Ontém, em meio a arrumações que o tempo disponível tem me permitido, joguei uma peça fora.
Não fui capaz de encará-la enquanto a colocava num saco colorido. Não fui ousada o suficiente para ter colocá-la num revelador saco transparente. Talvez fosse julgada por isso. Certamente seria.
Ela entregou-se silenciosa, quase resignada. Não resistiu. Não argumentou, nem quis se defender do descarte. Não esbravejou, não cobrou a importância da história.
Acomodou-se ao fim. Morreu em paz. Como quem morre no final de muita vida.
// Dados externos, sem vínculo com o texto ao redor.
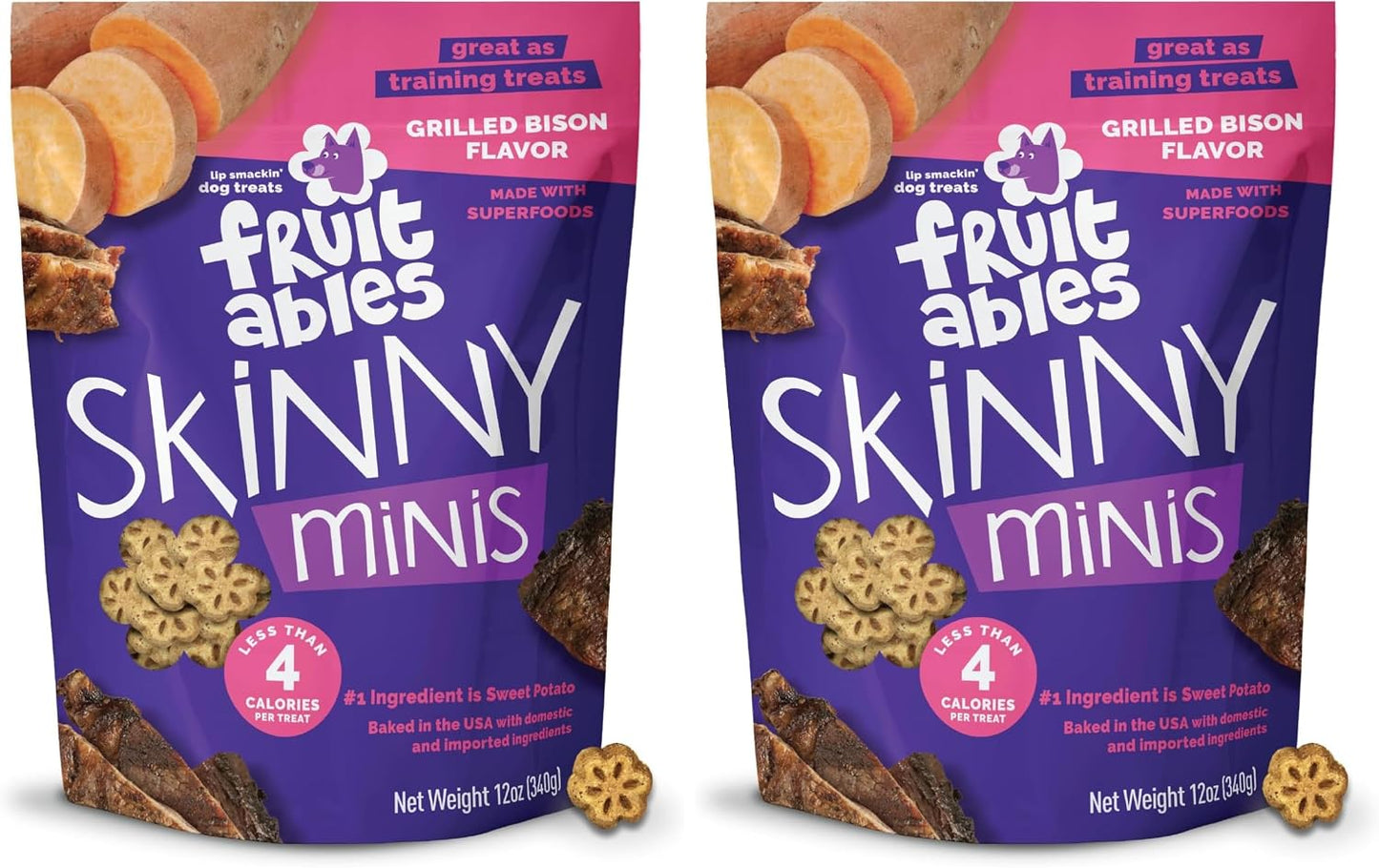 Skinny Minis Dog Treats, Healthy Pumpkin Treat for Dogs, Low Calorie & Delicious, Puppy Training, No Wheat, Corn or Soy, Made in the USA, Pumpkin and Mango Flavor, 5Oz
O saco, que serviu-lhe de mortalha, era de um elegante veludo cinza. Quase uma vingança ou talvez um último e sofisticado gesto de agradecimento a uma história tão longa e salpicada de alguns momentos plenos de alegria.
Ela estava silenciosa lá há anos. Intercalou momentos de resguardo e exposição. Era uma das peças que dava significado a uma prateleira que agora fica deserta. A vida também é feita de espaços. A prateleira deserta fica agora a espera de uma nova peça, de uma nova história.
Por que será afinal que o vazio incomoda tanto? De onde virá essa necessidade urgente de encobrir as marcas brancas deixadas por peças, por quadros, por pessoas?
Deixo que o vazio respire.
Preciso dele nesse momento.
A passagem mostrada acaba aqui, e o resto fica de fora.